- _How to complete this task_:
Taking only the lines of the data below from the line with "Conjunto de luces" to the line with "8301 Ney Ave, Oakland, CA 94605", ends included, write them out exactly and without pictures.

- _The data_:

== Segment start ==

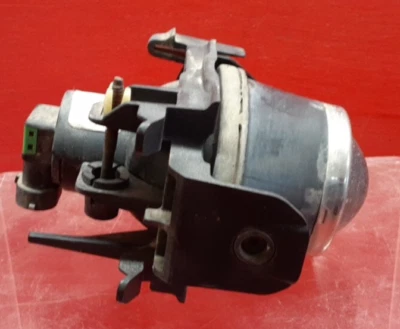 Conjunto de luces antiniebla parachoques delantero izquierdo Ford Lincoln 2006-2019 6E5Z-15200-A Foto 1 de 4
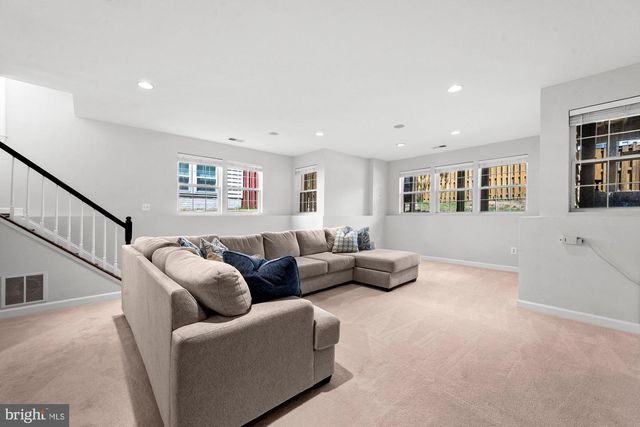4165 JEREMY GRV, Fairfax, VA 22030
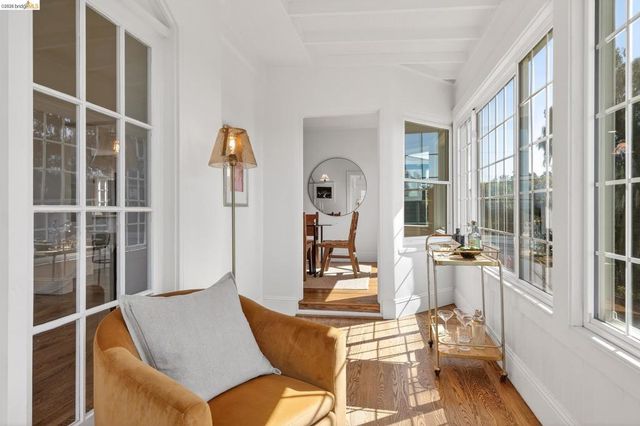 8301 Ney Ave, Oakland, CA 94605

== Segment end ==
== Segment start ==

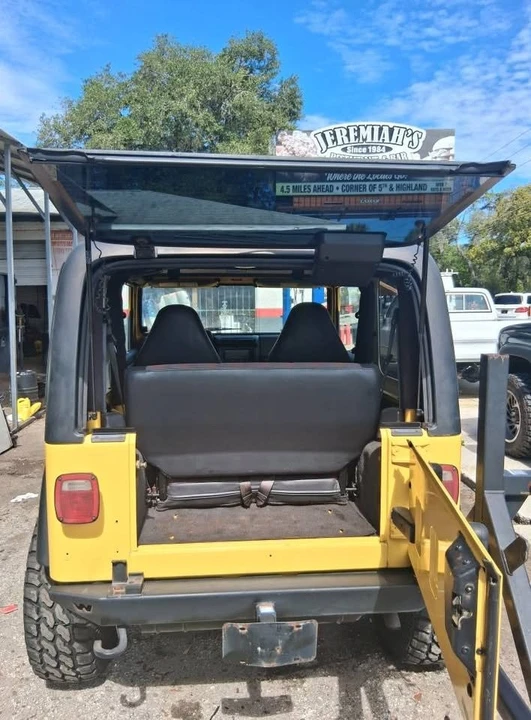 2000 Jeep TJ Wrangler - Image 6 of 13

== Segment end ==

- _Answer for this exercise_:
 Conjunto de luces antiniebla parachoques delantero izquierdo Ford Lincoln 2006-2019 6E5Z-15200-A Foto 1 de 4
4165 JEREMY GRV, Fairfax, VA 22030
 8301 Ney Ave, Oakland, CA 94605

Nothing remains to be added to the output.